GIVEN INFORMATION:
+===+

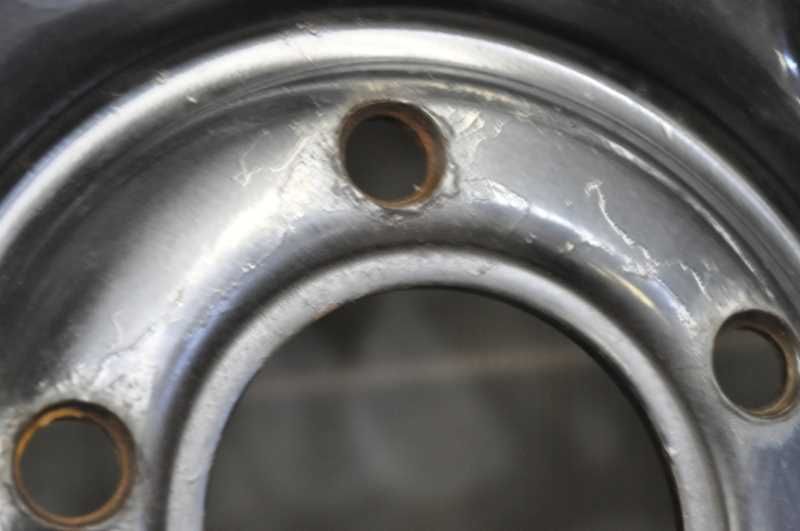  シボレー エクスプレス 社外 バリ山 製 スタッドレスタイヤ 215 70 R 16 鉄ホイール 7 JJ 5穴 PCD 127 GRIP ICE X SUV s 021882 J 16インチ タイヤ ホイールセット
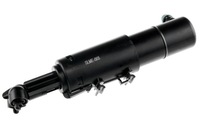 фото thumb №5, Розпилювач фара праві mercedes c w204 04-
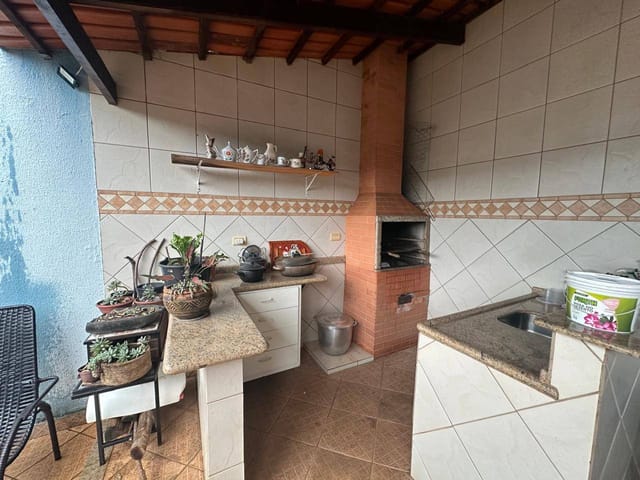 Casa à venda, Goiânia 2, Goiânia, GO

+===+

Copy the whole of the material above exactly, but not its images.

  シボレー エクスプレス 社外 バリ山 製 スタッドレスタイヤ 215 70 R 16 鉄ホイール 7 JJ 5穴 PCD 127 GRIP ICE X SUV s 021882 J 16インチ タイヤ ホイールセット
 фото thumb №5, Розпилювач фара праві mercedes c w204 04-
 Casa à venda, Goiânia 2, Goiânia, GO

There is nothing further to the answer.